Ce qui s’est passé dans la soirée du dimanche 27 mai peut être considéré comme un coup d’État légal en Italie. Le président Mattarella a bloqué le processus démocratique et contraint le Premier ministre désigné à la démission, à la suite du véto qu’il avait mis sur le nom de Paolo Savona comme ministre des Finances. Ce véto avait été provoqué par les positions eurosceptiques et anti-euro de Paolo Savona, par ailleurs ancien ministre de l’Industrie et ancien président de la Cofindustria, le MEDEF italien. Ce véto correspondait donc aux options idéologiques de Mattarella, et l’on peut penser qu’il a été émis tout autant du Quirinal que des bâtiment de l’Union européenne à Bruxelles.

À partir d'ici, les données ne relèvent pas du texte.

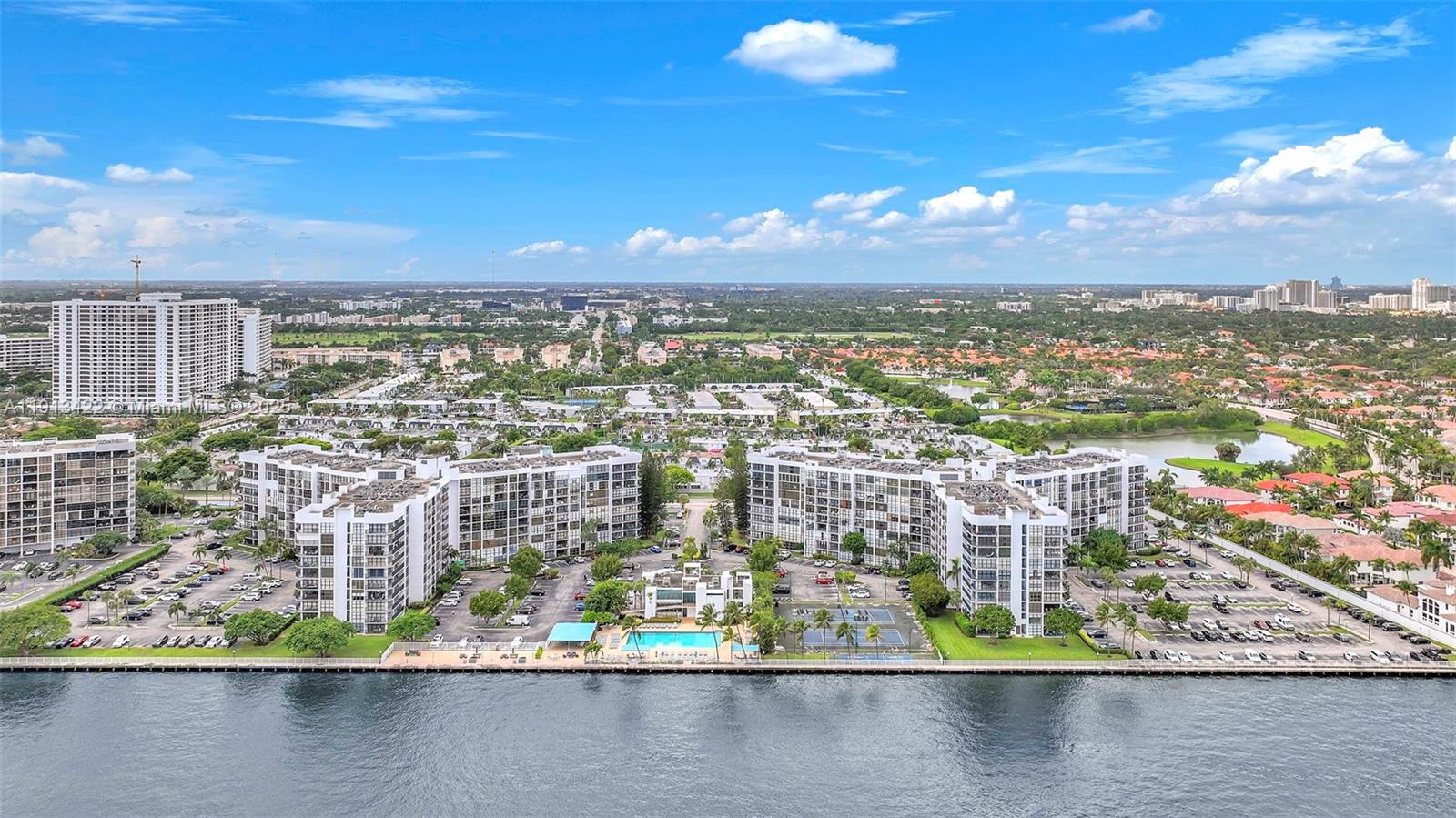 1000 Parkview Dr #229 Hallandale Beach, FL 33009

C’est donc un événement d’une extrême gravité. Le M5S, qui était un des deux partis de la coalition qui soutenait le Premier ministre a d’ailleurs décidé dans la nuit une mise en accusation du Président de la République pour abus de pouvoir. Au-delà, cela signifie de nouvelles élections en Italie, des élections qui auront sans doute lieu en octobre prochain.
Un abus de pouvoir
Le Président de la République italienne s’est donc arrogé des droits qu’il n’a pas. Il convient de relire la Constitution italienne. Celle-ci dit, dans son article 92 :
« Il Governo della Repubblica è composto del Presidente del Consiglio e dei ministri, che costituiscono insieme il Consiglio dei ministri. Il Presidente della Repubblica nomina il Presidente del Consiglio dei ministri e, su proposta di questo, i ministri. [1] »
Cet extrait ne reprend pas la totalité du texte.